The dd utility (an abbreviation for either "data dump" or "disk destroyer," depending on whether you've ever swapped its if= and of= operands) makes an exact byte-for-byte copy of its input source at its output. Listing Two(a) shows how I backed up the master and partition boot records and first partition of the Vaio's drive.

  
<b>(a)</b>
net-setup eth0             # define IP address and suchlike
/etc/init.d/nfs start        # nfs starts up portmapper, lockd, etc
mount 192.168.1.2:/bulkdata /mnt/temp1         # mount the NFS share
mkdir "/mnt/temp1/Backups/Sony Vaio"          # set up a directory to hold images
cd "/mnt/temp1/Backups/Sony Vaio"             # save some typing
dd bs=512 count=1 if=/dev/hda of=drive.mbr # save drive's master boot record
dd bs=512 count=1 if=/dev/hda1 of=hda1.mbr # save partition 1 boot record
dd if=/dev/hda1 of=hda1.bin               # save wrecked Windows partition

<b>(b)</b>
mount -o loop "/mnt/bulkdata/Backups/Sony Vaio/hda1.bin" /mnt/loop
fsck -vV /dev/loop0          # fsck uses underlying loopback pseudo-device
ll /mnt/loop                 # the mounted filesystem looks like any other
Listing Two

A failing drive will return errors at bad sectors and fill those parts of the image file with invalid data. Restoring a damaged image to a new drive won't magically recreate the original bytes, so the best I could do was remove the damaged files.

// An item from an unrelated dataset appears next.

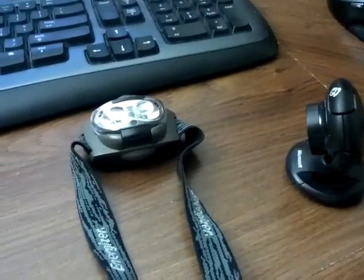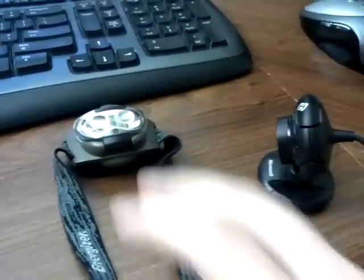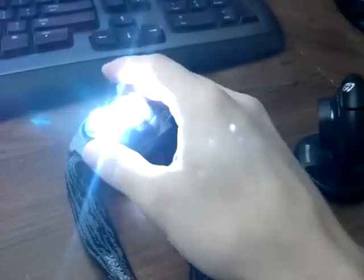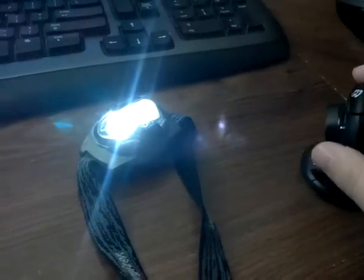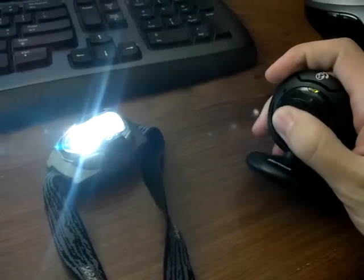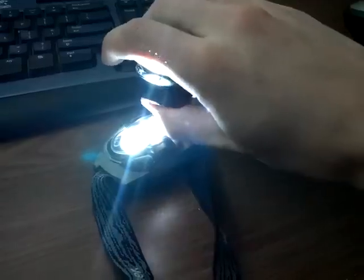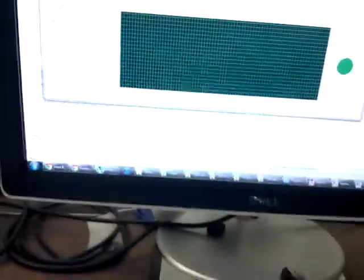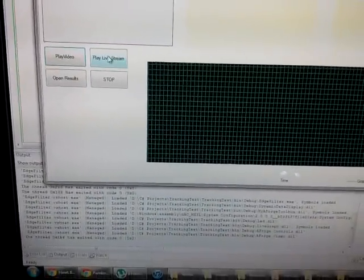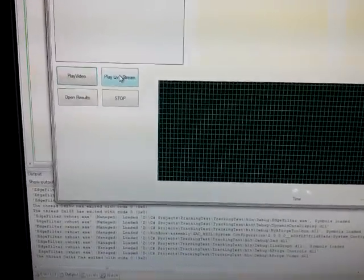Alright, so I got my webcam and my flashlight. Go ahead and turn the light on. What you do is you just cover your finger, stick it over the light, then we go over here and click play live.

After creating the backup images, I returned to my desktop system and mounted them using the Linux loopback pseudodevice to see what was broken. Listing Two(b) shows how that works for the first partition.

Loopback lets you manipulate the partition image with the same tools that work on an actual disk partition. Filesystem utilities such as fsck use the underlying pseudodevice, typically /dev/loop0 for the first file you mount this way. File-handling utilities, browsers, and suchlike refer to the mount point, which is /mnt/loop in Listing Two(b).

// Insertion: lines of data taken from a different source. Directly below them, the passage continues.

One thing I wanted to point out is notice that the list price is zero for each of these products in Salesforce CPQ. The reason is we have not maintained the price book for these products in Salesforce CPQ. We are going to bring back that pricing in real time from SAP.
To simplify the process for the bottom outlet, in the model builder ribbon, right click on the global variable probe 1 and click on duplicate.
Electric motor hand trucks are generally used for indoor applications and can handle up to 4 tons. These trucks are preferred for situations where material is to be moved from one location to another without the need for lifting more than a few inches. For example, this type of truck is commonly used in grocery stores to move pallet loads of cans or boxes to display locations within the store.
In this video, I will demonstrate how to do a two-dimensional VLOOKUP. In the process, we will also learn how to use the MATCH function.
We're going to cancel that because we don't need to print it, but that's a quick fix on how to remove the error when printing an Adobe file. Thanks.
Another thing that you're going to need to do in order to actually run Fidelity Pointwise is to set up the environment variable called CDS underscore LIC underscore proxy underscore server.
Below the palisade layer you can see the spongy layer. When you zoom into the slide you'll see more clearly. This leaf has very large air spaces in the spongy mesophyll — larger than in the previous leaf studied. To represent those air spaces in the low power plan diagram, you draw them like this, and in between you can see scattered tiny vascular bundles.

I managed to repair the filesystem errors by deleting the affected files, emptying the various directories that contain autostarting programs, and generally trimming the underbrush. The ClamAV virus scanner (www .clamav.net/) reported no hits, a pleasant surprise on a Windows box. All this fiddling ran much faster on the image than directly on the laptop, too.

Booting SRCd on the laptop again, I ran fsck on the drive to mark the bad sectors, deleted everything except the boot files required to start WinME, then used cp -au to copy everything from the repaired partition image back to the drive. You may not be able to use dd to restore an image file to a repaired partition, because it must maintain sector-by-sector alignment during the copy to keep the filesystem structures intact. Modern desktop drives can transparently remap failed sectors below the level of the filesystem, but that trick was beyond this drive's capabilities.

There's no good way to edit the Windows Registry using Linux, so I eventually had to boot WinME in Safe Mode on the laptop, uninstall several programs, then blowtorch a few recalcitrant programs with regedit. After several iterations of this, the laptop finally booted cleanly and ran well. My friend said that she didn't use the missing programs.

I transferred the compressed partition images to DVDs so I can restore the system with somewhat less effort when that drive finally fails completely. Regular backups would be nice, but it's out of my hands.

Speaking of images, the command dd if=/dev/cdrom of=image.iso makes an image backup of a CD. You can then burn the image to a CD-R to make a duplicate or mount it using loopback to read its contents, subject to the usual copyright and EULA issues.

After you're up to speed with PC restoration, try your hand at some embedded systems work.